__What this task involves__. All the entries need to be duplicated exactly, with the pictures omitted.
*** Block opens ***
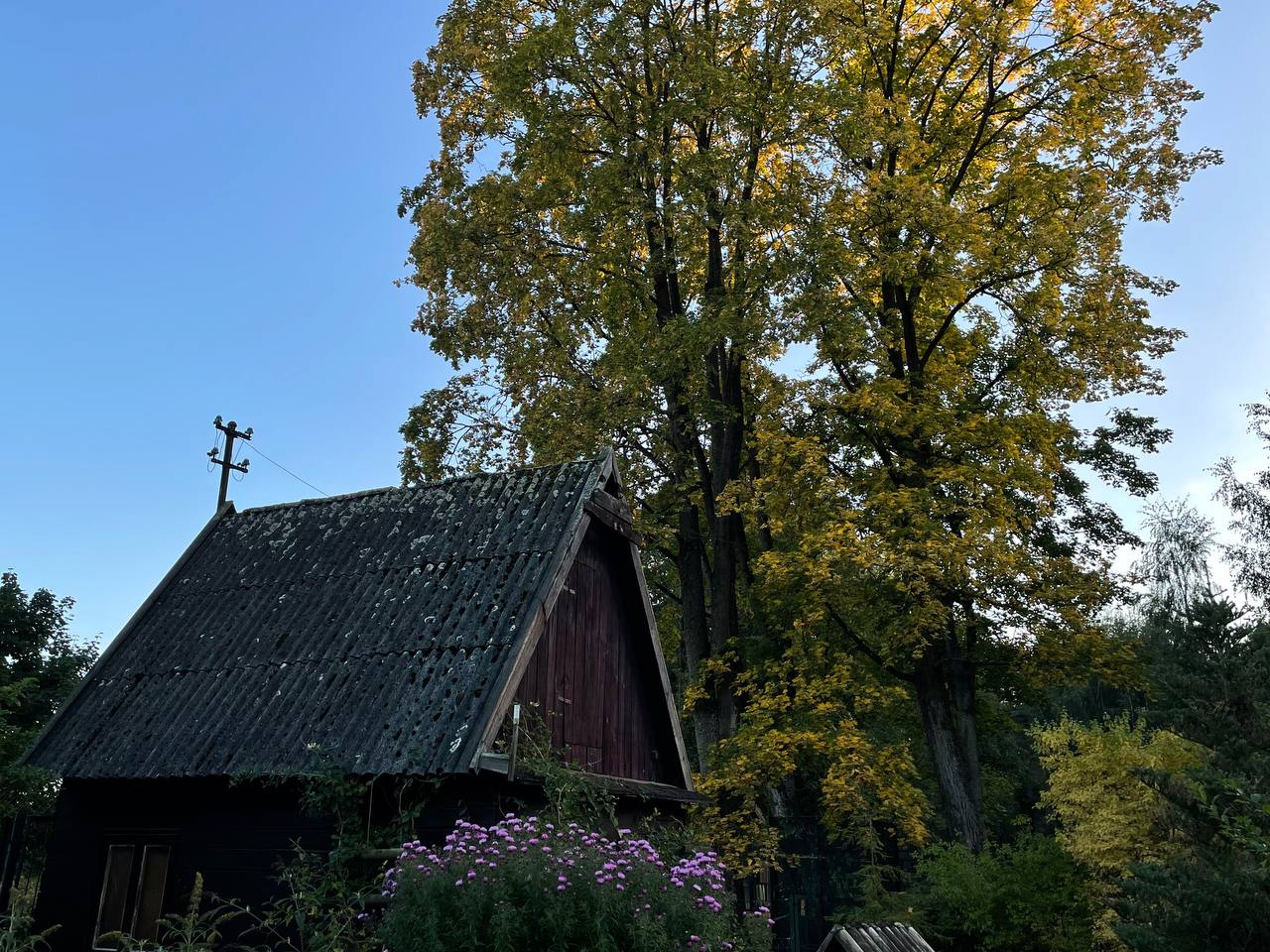 photo 2026 09 28 21 03 39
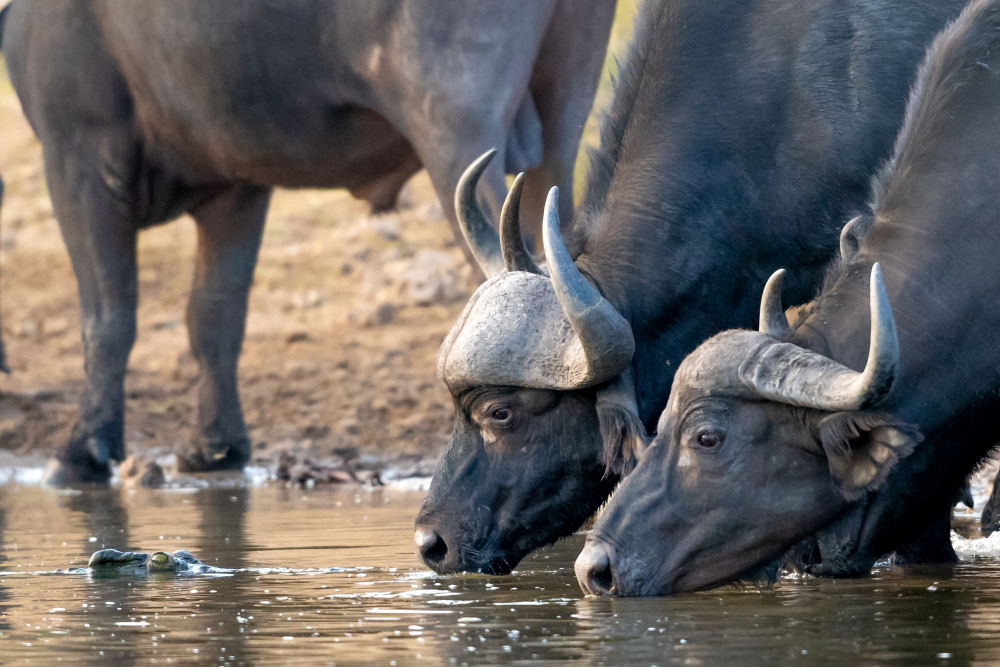 Big 5 Hunting Farm South Africa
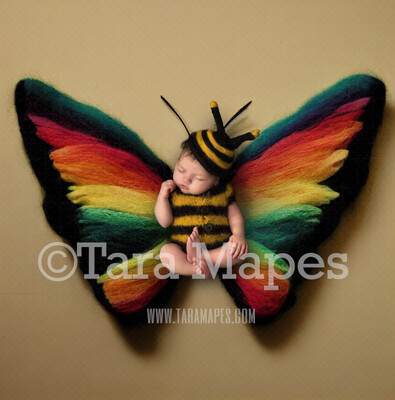Needle Felted Butterfly Newborn Digital Backdrop - Needle Felt Butterfly Baby Newborn Digital Background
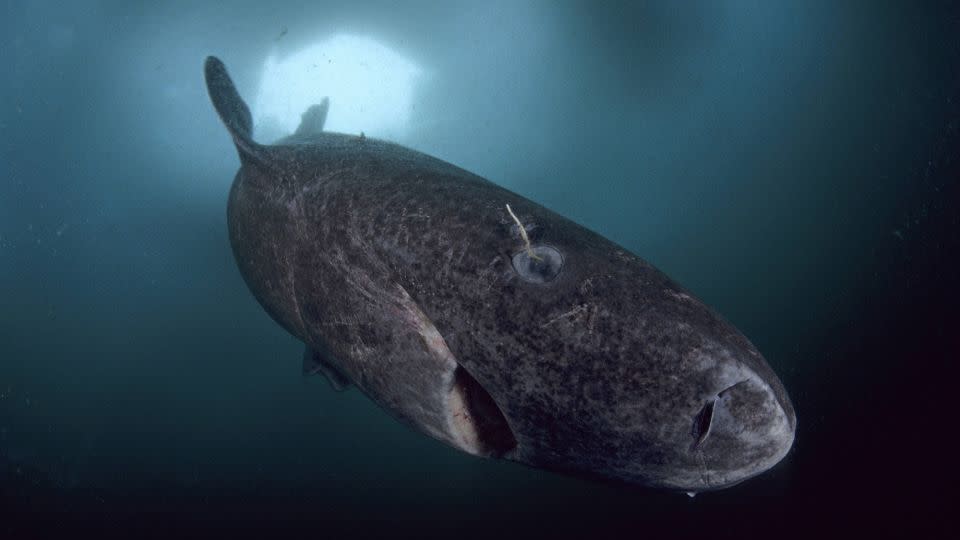 A Greenland shark is spotted swimming under the ice near northern Baffin Island in the Canadian Arctic. - Avalon.red/Alamy Stock Photo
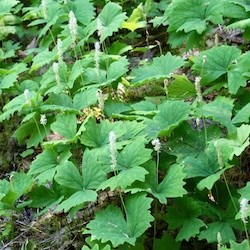 A cluster of Vanilla Leaf plants carpeting the ground.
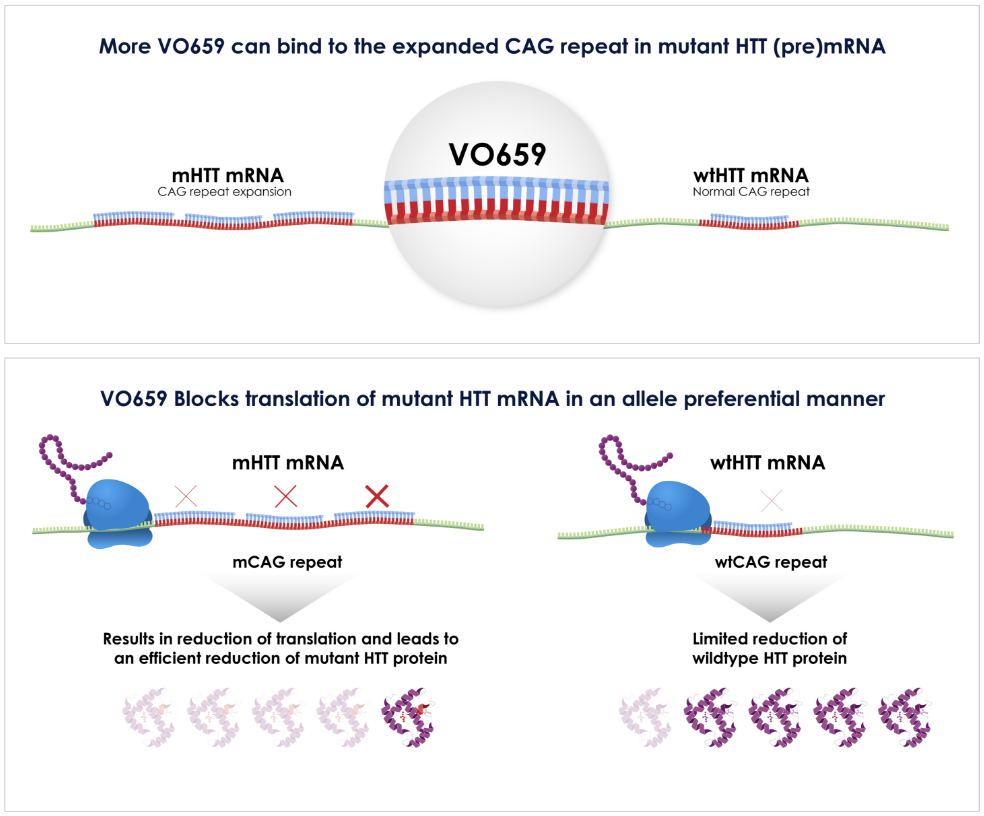 Vo659 mechanism of action diagram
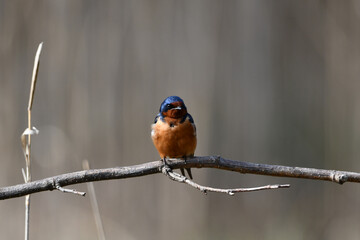 Barn Swallow perched on a branch
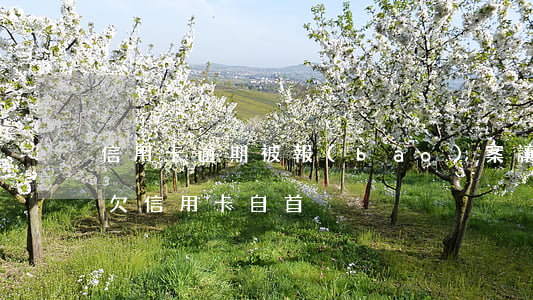 信用卡逾期被報(bào)案讓我去自首-欠信用卡自首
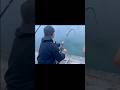 大物竿でやり取り!#fishing#shorts #釣り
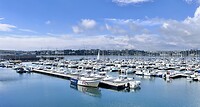 IMG_9901
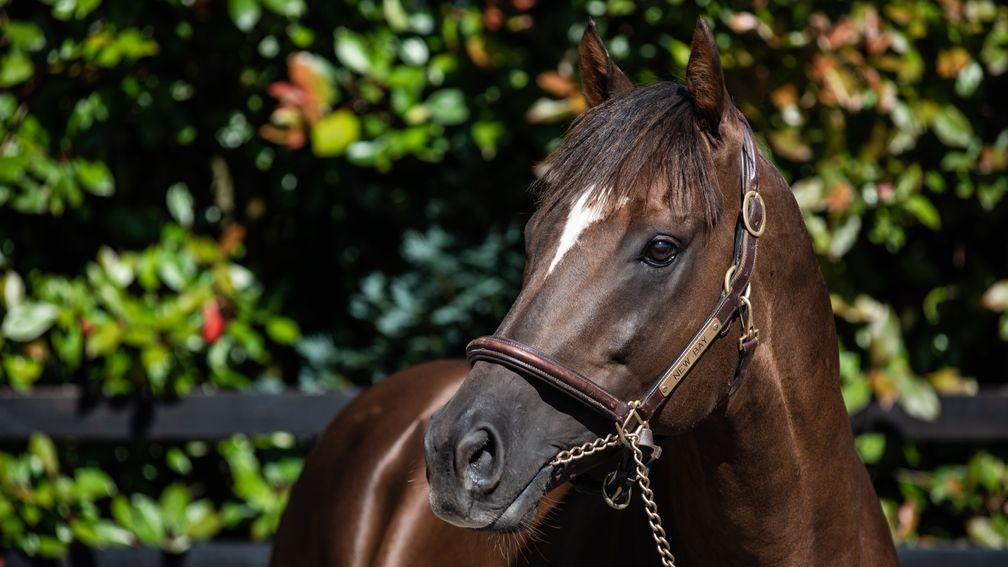New Bay: sire of colt who is being resold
*** Block closes ***
__Task answer__.
 photo 2026 09 28 21 03 39
 Big 5 Hunting Farm South Africa
Needle Felted Butterfly Newborn Digital Backdrop - Needle Felt Butterfly Baby Newborn Digital Background
 A Greenland shark is spotted swimming under the ice near northern Baffin Island in the Canadian Arctic. - Avalon.red/Alamy Stock Photo
 A cluster of Vanilla Leaf plants carpeting the ground.
 Vo659 mechanism of action diagram
 Barn Swallow perched on a branch
 信用卡逾期被報(bào)案讓我去自首-欠信用卡自首
 大物竿でやり取り!#fishing#shorts #釣り
 IMG_9901
New Bay: sire of colt who is being resold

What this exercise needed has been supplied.